File size: 2,254 Bytes

db5855f

# Kosmos-2: Multimodal Large Language Model and OpenVINO

[KOSMOS-2](https://github.com/microsoft/unilm/tree/master/kosmos-2) is a multimodal large language model (MLLM) that has new capabilities of multimodal grounding and 
referring. KOSMOS-2 can understand multimodal input, follow instructions, 
perceive object descriptions (e.g., bounding boxes), and ground language to the visual world.

Multimodal Large Language Models (MLLMs) have successfully played a role as a general-purpose interface across a wide 
range of tasks, such as language, vision, and vision-language tasks. MLLMs can perceive general modalities, including 
texts, images, and audio, and generate responses using free-form texts under zero-shot and few-shot settings. 

[In this work](https://arxiv.org/abs/2306.14824), authors unlock the grounding capability for multimodal large 
language models. Grounding capability 
can provide a more convenient and efficient human-AI interaction for vision-language tasks. It enables the user to point
 to the object or region in the image directly rather than input detailed text descriptions to refer to it, the model 
 can understand that image region with its spatial locations. Grounding capability also enables the model to respond 
 with visual answers (i.e., bounding boxes), which can support more vision-language tasks such as referring expression 
 comprehension. Visual answers are more accurate and resolve the coreference ambiguity compared with text-only 
 responses. In addition, grounding capability can link noun phrases and referring expressions in the generated free-form 
 text response to the image regions, providing more accurate, informational, and comprehensive answers.

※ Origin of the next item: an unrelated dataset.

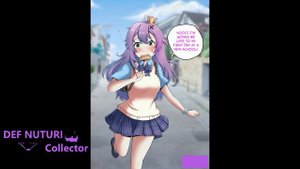 tg tf transformation double story tg mtf body change boy into a girl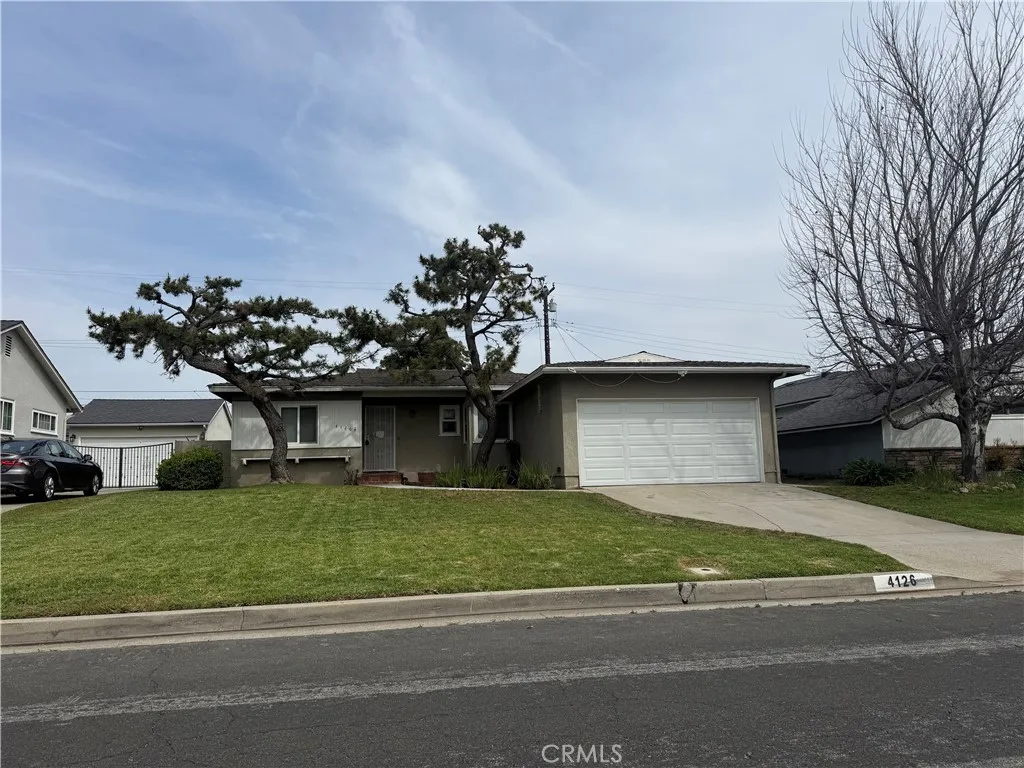 Covina, CA 91722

![image](https://huggingface.co/microsoft/kosmos-2-patch14-224/resolve/main/annotated_snowman.jpg)

## Notebook contents
- Prerequisites
- Infer the original model
- Convert the model to OpenVINO IR
- Inference
- Interactive inference

## Installation instructions
This is a self-contained example that relies solely on its own code.</br>
We recommend running the notebook in a virtual environment. You only need a Jupyter server to start.
For details, please refer to [Installation Guide](../../README.md).